Mais au moment de la manifestation annoncée, vers huit heures du soir, la rue est tellement pleine de contre-manifestants que les émeutiers d’extrême droite n’ont aucun moyen de passer.

C’est ainsi que cela s’est passé mercredi soir dans de nombreux endroits de cette liste, qui contenait principalement des bureaux de visas et de petites organisations d’aide à l’immigration répartis dans toute l’Angleterre. Les contre-manifestants forment un bouclier protecteur pour les zones menacées à Liverpool, Birmingham et Bristol, entre autres. Des arrestations ont encore lieu ici et là, mais mercredi soir, un changement prudent semble s’opérer : après des jours d’émeutes et de violences de l’extrême droite, les Britanniques pacifiques et antiracistes se voient désormais offrir une tribune. Et il y en a plus.

Incité

Anne-Marie, institutrice du primaire, qui préfère que son nom de famille ne soit pas publié dans le journal, porte un T-shirt avec l’inscription Refugees Welcome. « Dans notre école, le respect et l’égalité sont le fondement de notre éducation. Je pense donc qu’il est important d’exprimer ici une contre-voix contre le racisme. Pendant ce temps, un mégaphone retentit : « Les racistes sont partis ! » « Hors de nos rues », ajoutent les manifestants.

Anne-Marie pense que les manifestants anti-immigration ont été incités ces dernières années par le discours des politiciens de droite sur les demandeurs d’asile. «Ils cherchent un bouc émissaire pour les problèmes du pays et ils le trouvent chez les étrangers.

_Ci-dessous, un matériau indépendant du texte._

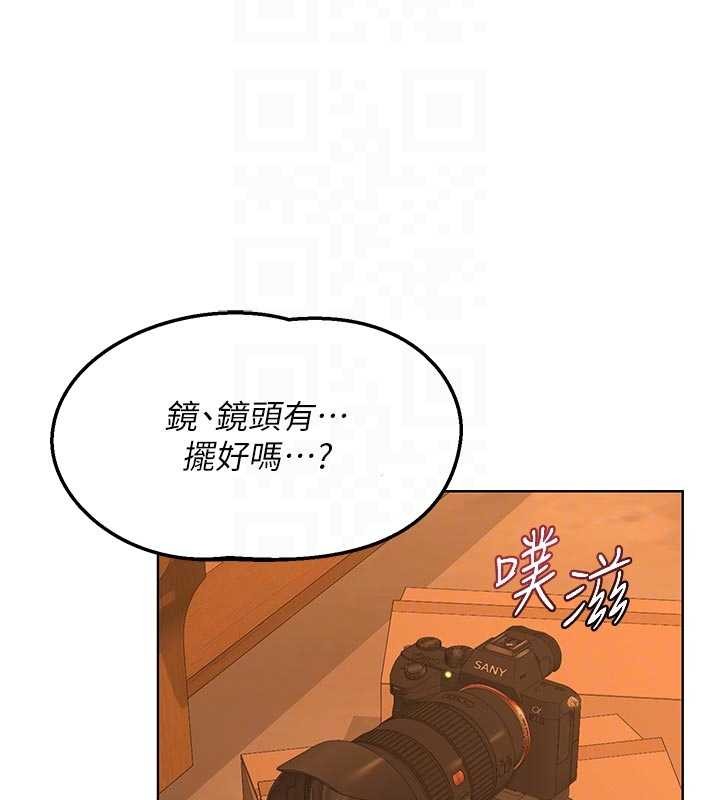 第54话-被儿子看到做爱的样子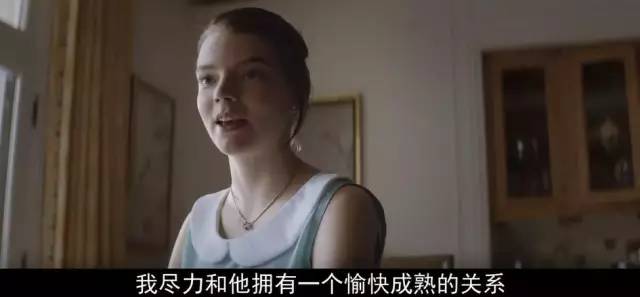 悬疑惊悚电影 安雅·泰勒-乔伊 奥利维亚·库克_安雅·泰勒-乔伊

Alors que les équipements publics ont été réduits à néant ces dernières années.» Elle estime que le nouveau gouvernement travailliste, entré en fonction il y a à peine un mois, réagit fortement aux émeutes. « Même s’ils devraient s’exprimer encore plus fort contre le racisme. »

Ces derniers jours, le Premier ministre travailliste Keir Starmer s’est surtout attaché à arrêter et à poursuivre en justice les émeutiers. Outre l’annonce d’un important déploiement policier, six mille policiers supplémentaires ont été déployés mercredi à travers le pays. A Walthamstow, ils sont partout : il y a des fourgons au commissariat, des groupes de policiers à chaque coin de rue et ils sont cachés dans quelques ruelles autour des larges rues.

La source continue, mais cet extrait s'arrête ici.